Keighley man Ian Walkden was delighted to discover that the Spitfire was still flying more than 70 years after it was built.
The plane, named Marion after the girlfriend of its original Canadian pilot, has been restored in recent decades and is currently based in the USA. Mr Walkden said that among surviving Spitfires, Marion was unique because it was a gift funded through the generosity of Keighley people.
He said: “She’s one of 20,200 Spitfires built and one of only 50 still flying, but how many ‘gifts of war’ are still flying? I’m proud that I found her. This is so exciting for me – it was a Eureka moment to find out she was still flying.” The Spitfire was featured in 2008 in a newspaper article by local historian Ian Dewhirst. He told how Keighley people raised £11,600 in 1942 to buy a Spitfire and Hurricane to support the war effort.
The Spitfire, a Mark Vb numbered BL628, originally bore the Keighley coat of arms with the town’s motto By Worth. Mr Walkden, a member of Keighley’s Men of Worth military history group, decided to look into the fate of “Keighley’s Spitfire” after a friend mentioned it.
He phoned the RAF Museum at Hendon and was directed to sources of information about what had happened to the aircraft.

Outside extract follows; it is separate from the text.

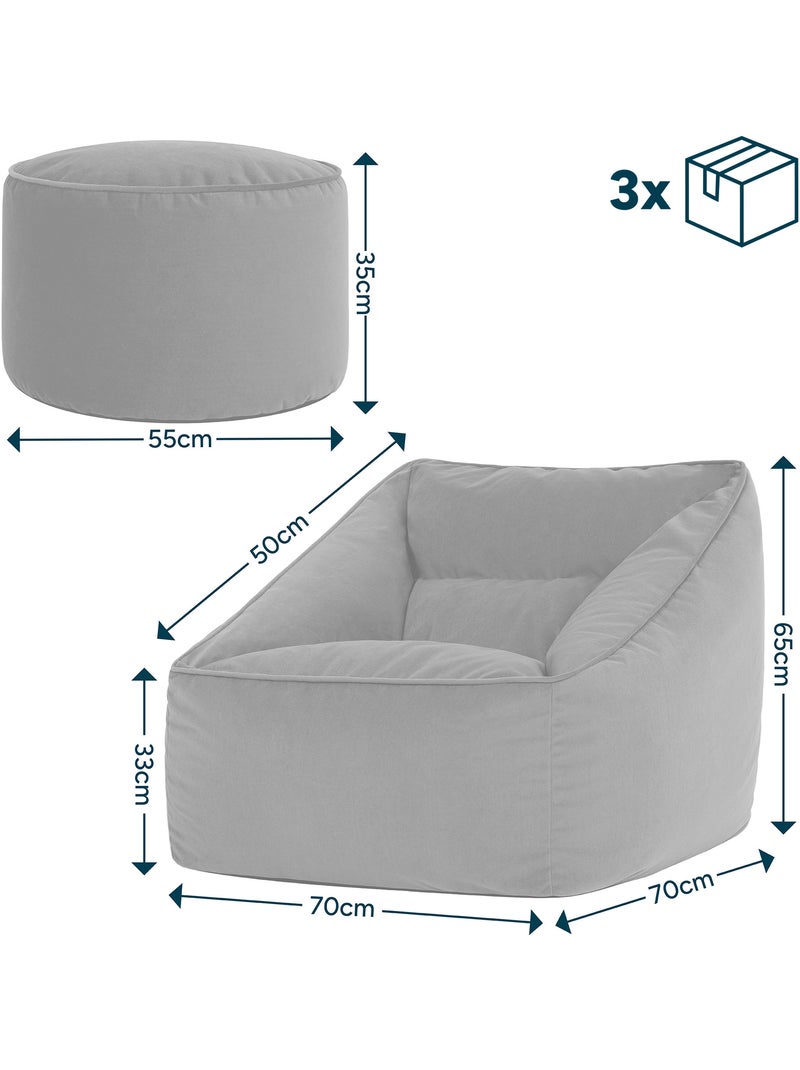 Pouf poltrona da salotto natalia con poggiapiedi rotondo milano in velluto opaco - icon Verde oliva - Kiabi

Mr Walkden discovered that the Spitfire had been used for fighter sweeps over Europe and convoy patrols, and finished its war career in 1945 training pilots in Cornwall.
In 1977 Marion’s centre section and cockpit were found on a farm near its Cornish base, and over the next three decades the plane underwent restoration in Australia and the UK.
Following its return to the sky in 2007, the plane is now owned by Texas-based Lewis Air Legends and is used for air shows and films.